These things are, of course, important. Much time and energy, not to mention cabbage, is saved by being aware of what is going on around us and responding accordingly. My practice as a Druid adds another dimension to this principle, though.

When I started exploring Pagan and Druid ideas, one of the first things that became a regular practice for me was to look at Nature more closely. I remember sitting in a London park with an autumn leaf. I looked at its colours, varying from green and brown to deep maroon red. I examined the branching pattern of its veins and its five-lobed shape. But most of all I was allowing myself to feel every aspect of that leaf in my body. How the green felt different from the red. And how my body felt as I imagined travelling down each little vein.

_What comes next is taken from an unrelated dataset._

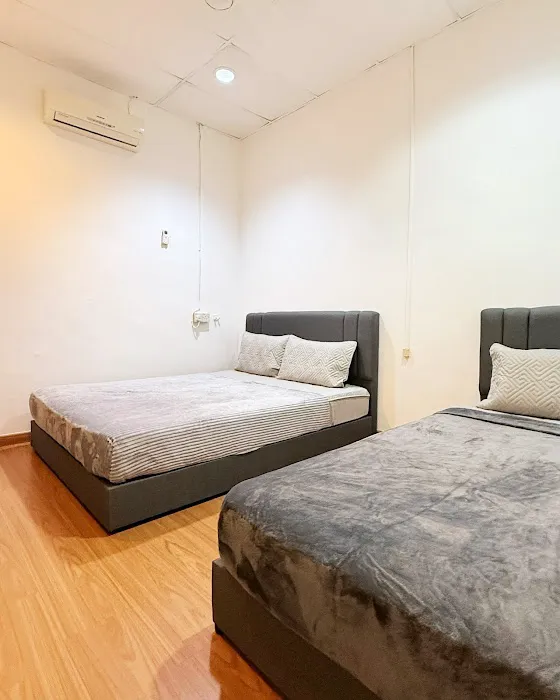 S HOMESTAY PREMIUM Picture 1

As a Druid, I tend to frame that as ‘listening to the spirit of the leaf’. Many Druids are Animists, who believe that everything has a consciousness and is capable of communicating. Humans can also participate in that conversation. All we have to do is become still enough and hear the quiet voices of other-than-human beings.

Finding that stillness and communication is not really any different from what I was doing with that leaf. With a bit of practice, and widening out my senses, I learned how feel the specific character of a place, and intuit how I could interact with it.

What that interaction involves varies with the place and changes over time. It’s about listening to the spirit of the place and responding to what it wants. Sometimes I leave food offerings. Sometimes I give compost to a hungry vegetable patch.

Often, the spirits of the land just want some more attention. They are used to humans rushing past them, busy with their own thoughts and agendas. They love it when we sit and just open our senses to watch and listen.

A few years ago, I created an online course to help people do exactly that. The Magic of Connection comes in nine e-mails, free to your inbox. You may want to give it a go and see what happens.

Closely observing Nature, whether we feel that helps us communicate with Spirit or not, is a spiritually enriching activity. It lets us use our innate senses to their full potential and develops our feelings of belonging to something larger than ourselves.

So go out there and listen to the voice of the wind, dance with the sunlight and smell the roses. You and your garden will feel better for it.